What is expected:
Go through the listing below and repeat it exactly, dropping the pictures.

Data excerpt:
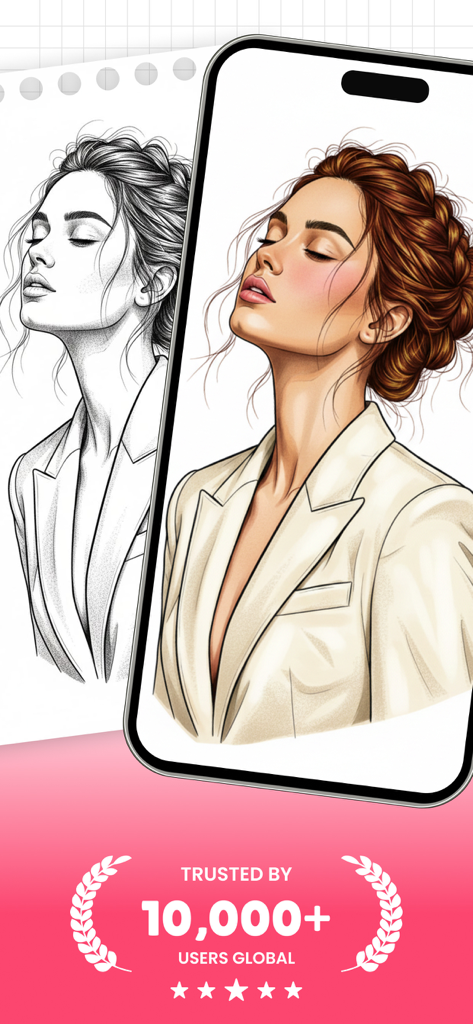 AR Sketch - AR Drawing - Nebeneinandervergleich einer Bleistiftskizze und ihrer farbigen Version auf einem iPhone-Bildschirm mit der AR Sketch App.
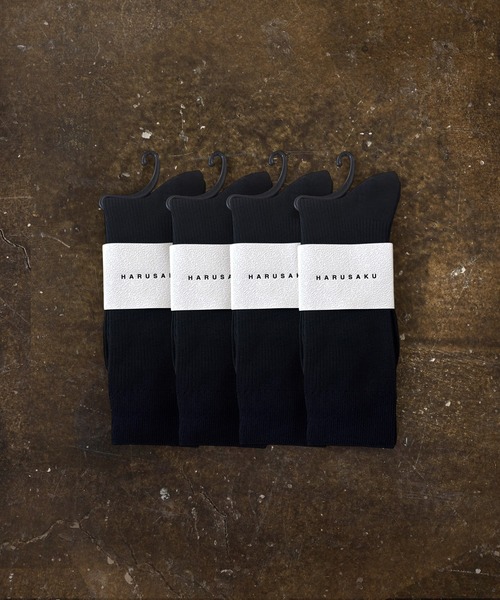 HARUSAKU CC(ハルサクシーシー)の「HARUSAKU CC:Mens PLAIN RIB BLACK SOCKS 4P SET(ソックス/靴下・メンズ・ブラック・L/M)」の1枚目の写真
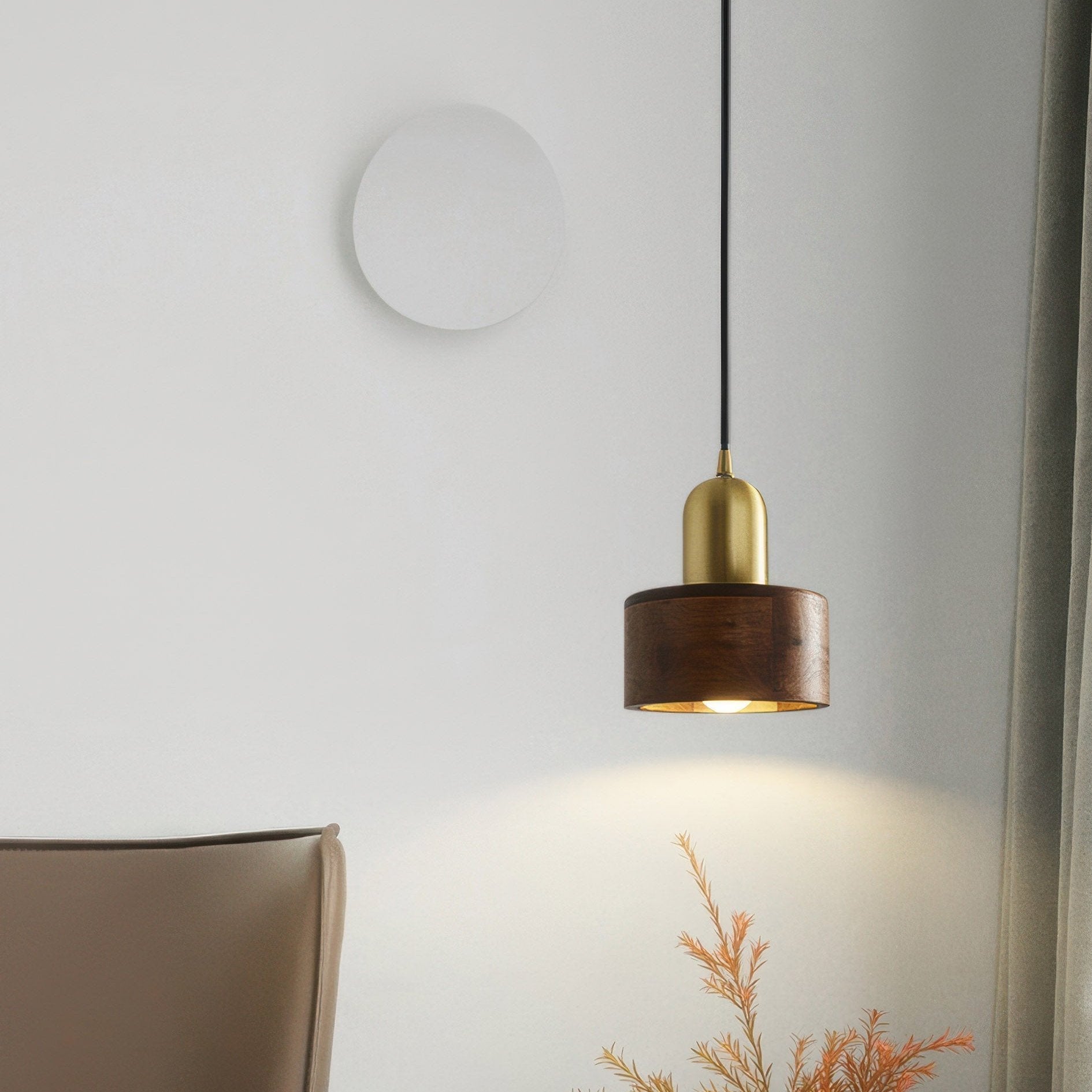 Wisząca lampa cylindryczna w stylu japońskim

Your solution:
 AR Sketch - AR Drawing - Nebeneinandervergleich einer Bleistiftskizze und ihrer farbigen Version auf einem iPhone-Bildschirm mit der AR Sketch App.
 HARUSAKU CC(ハルサクシーシー)の「HARUSAKU CC:Mens PLAIN RIB BLACK SOCKS 4P SET(ソックス/靴下・メンズ・ブラック・L/M)」の1枚目の写真
 Wisząca lampa cylindryczna w stylu japońskim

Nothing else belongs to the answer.